Ammettiamolo: non è un periodo in cui stanno uscendo grandi dischi. In questo contesto, Generic è merce rara e il suo ultimo EP 'Mondo rosso' è la conferma di quanto sia bravo a scrivere canzoni oneste e sgraziate

Foto: Christian Kondic. Styling: Anna Carraro

Vi sfido a nominare dieci dischi italiani che vi hanno fatto emozionare nel 2022. Anzi, facciamo anche solo cinque, nessun problema. Provateci. Non valgono gli album carini, parliamo di begli album che vi riascoltereste con gioia ancora oggi nel primo semestre del 2023. Impresa ardua, vero?
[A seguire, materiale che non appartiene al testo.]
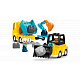 LEGO® DUPLO® 10475 Baufahrzeuge – 3-in-1-Set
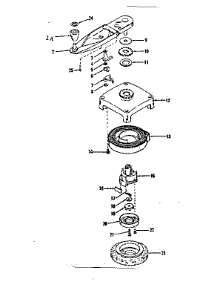 No-Pull Starter No. 590361 parts for Craftsman Lawn & Garden Engine 143123091 from AppliancePartsPros.com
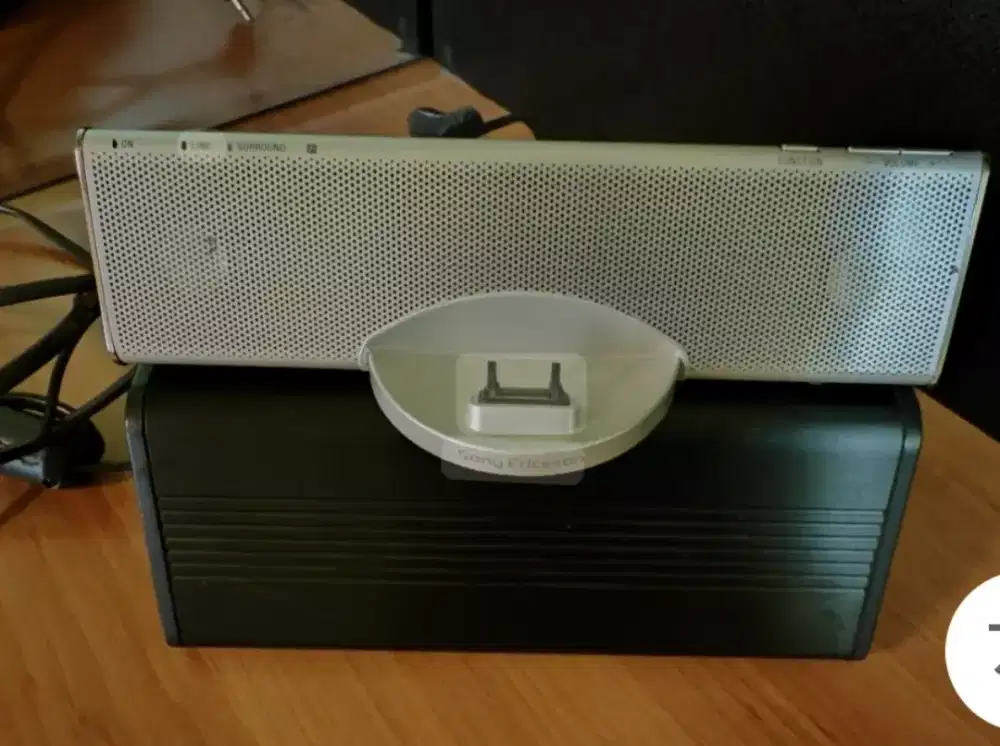Speaker sony ericson mds-70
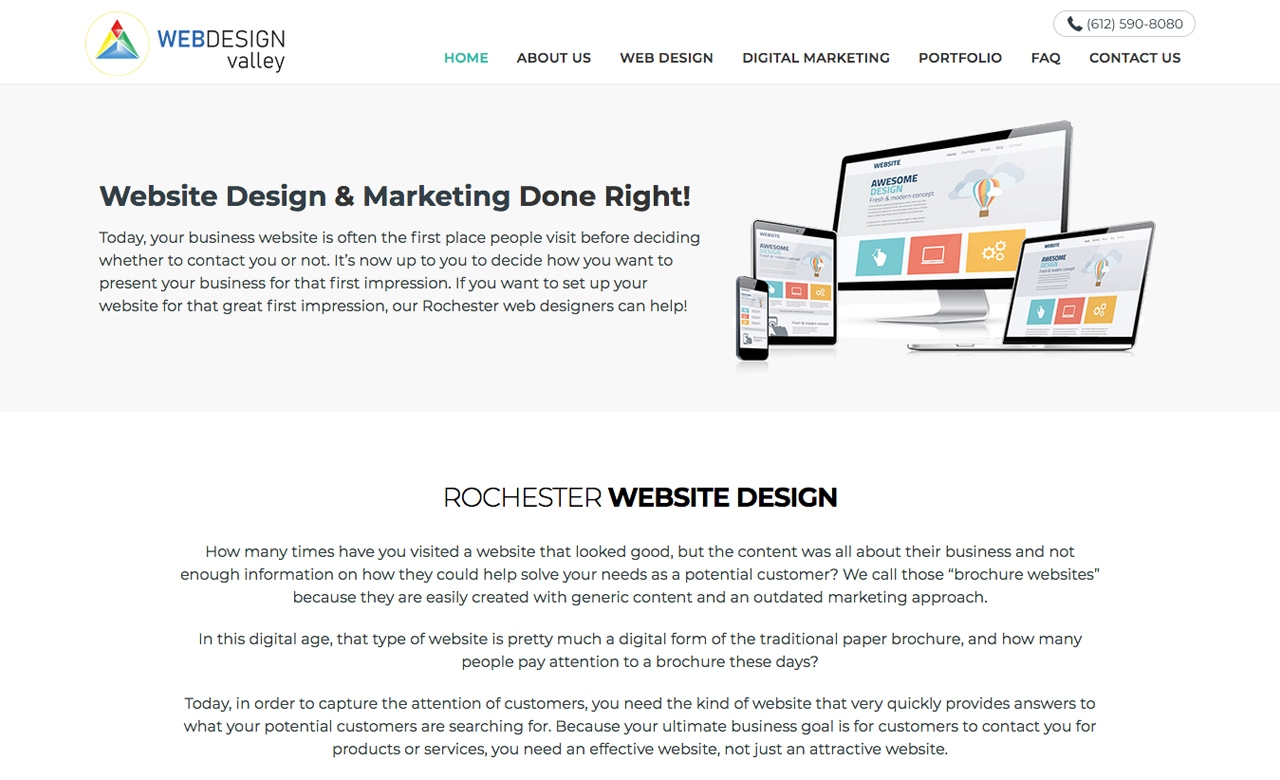 Web Design Valley LLC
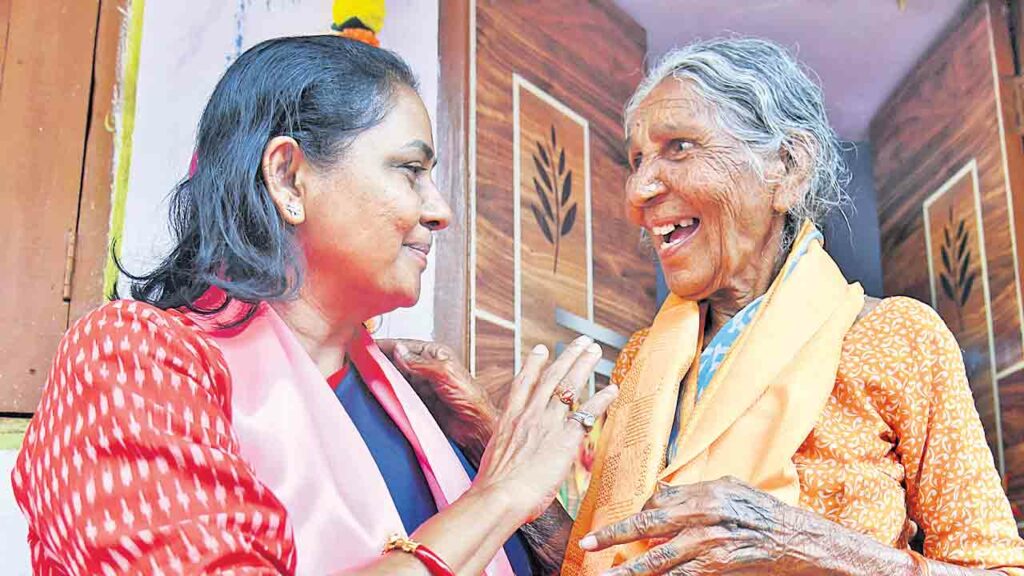 Brs Candidate Maganti Sunit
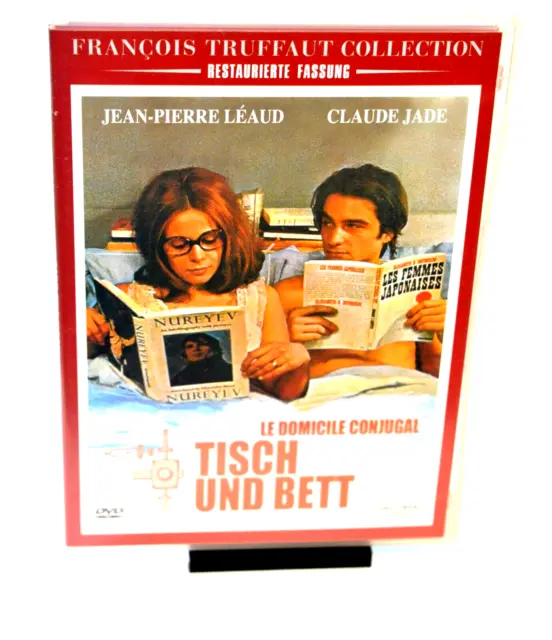Tisch und Bett (1970,DVD) [François Truffaut] Jean-Pierre Léaud / Kult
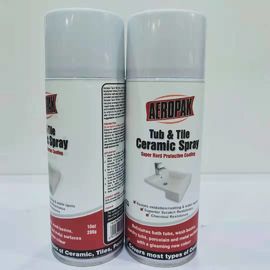 Ceramic Tile Refinishing Household Care Products Specialty Tub / Tile Spray Paint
Nonostante l’industria musicale e le major stiano portando avanti una narrazione secondo cui la musica italiana pare non essere mai stata così in forma, non sono propriamente anni d’oro per l’arte della musica leggera. Certo, i numeri e le classifiche – inondati dal nandrolone del playlisting (voce-del-verbo-playlist) – potrebbero anche dare ragione a chi si sofferma sulla matematica e sui conti, ma anche l’amianto aveva dei numeri straordinari nel mondo dell’edilizia. E poi, puff. Coff coff.
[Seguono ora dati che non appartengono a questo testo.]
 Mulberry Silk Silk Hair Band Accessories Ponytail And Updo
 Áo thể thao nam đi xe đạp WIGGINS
Mentre viviamo questo insano sogno musicale all’eternit, nelle crepe di queste architetture stanno lentamente nascendo e fortificandosi nuove erbacce (che in inglese si dica weed penso sia sufficientemente serendipico). Tra quelle più resistenti, visto che da sei anni sta cercando di corrodere le colonne di questi palazzi, c’è sicuramente Generic Animal, uno dei pochi artisti in grado di dare segni di vita dal sottosuolo italiano, e più precisamente dal costo della vita milanese non propriamente adatto al mondo dell’underground (“Perché venerdì sera è stato più importante andare via piangendo / e il giorno successivo scriverti un messaggio dicendo che è un periodo forse un po’ frustrante / che va di pari passo col prezzo della vita”, da Venerdì).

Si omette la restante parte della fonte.